Des attentes élevées pour Respect

Les attentes sont donc très élevées à l’occasion de la sortie de Respect, le 13 août. Jennifer Hudson y interprète Aretha Franklin. Derrière la caméra, on trouve la réalisatrice sud-africaine Liesl Tommy. La bande-annonce laisse entrevoir qu’on parlera de la vie personnelle mouvementée (et du mariage difficile) de la queen of soul, en parallèle de son engagement dans le mouvement pour les droits civiques.

Respect sort six mois après The United States vs Billie Holiday, qui n’a malheureusement pas eu droit à une sortie en salle, mais qui mérite d’être vu pour la performance d’Andra Day.

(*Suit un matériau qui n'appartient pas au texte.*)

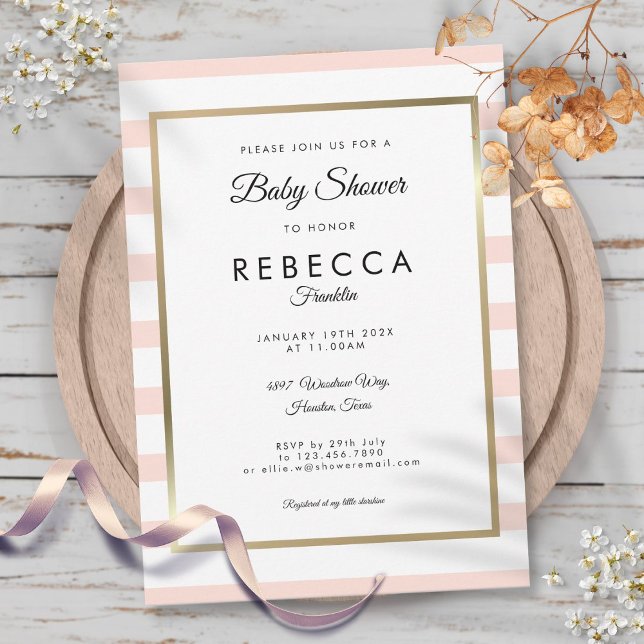 Convite de Churrasco de Bebê com Listra Rosa e Dou (Blush Pink Stripe Gold Baby Shower Invitation)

Les deux films s’inscrivent dans le courant des œuvres dans lesquelles les artistes afro-américains se réapproprient leur histoire. Hollywood a peut-être tiré des leçons du passé. En 2005, la famille de Nina Simone n’a pas digéré le fait que Zoe Saldana ait obtenu le rôle-titre du film Nina pour lequel il fallait maquiller son visage pour qu’il soit plus foncé. L’actrice d’origine latine a même déclaré que Nina Simone méritait mieux…

All I’m askin’is for a little respect, le chantait si bien Aretha Franklin…

Rectificatif
Une version précédente de ce texte indiquait que Diana Ross a été oscarisée en 1972 pour Lady Sings the Blues, mais elle a été nommée sans remporter la statuette.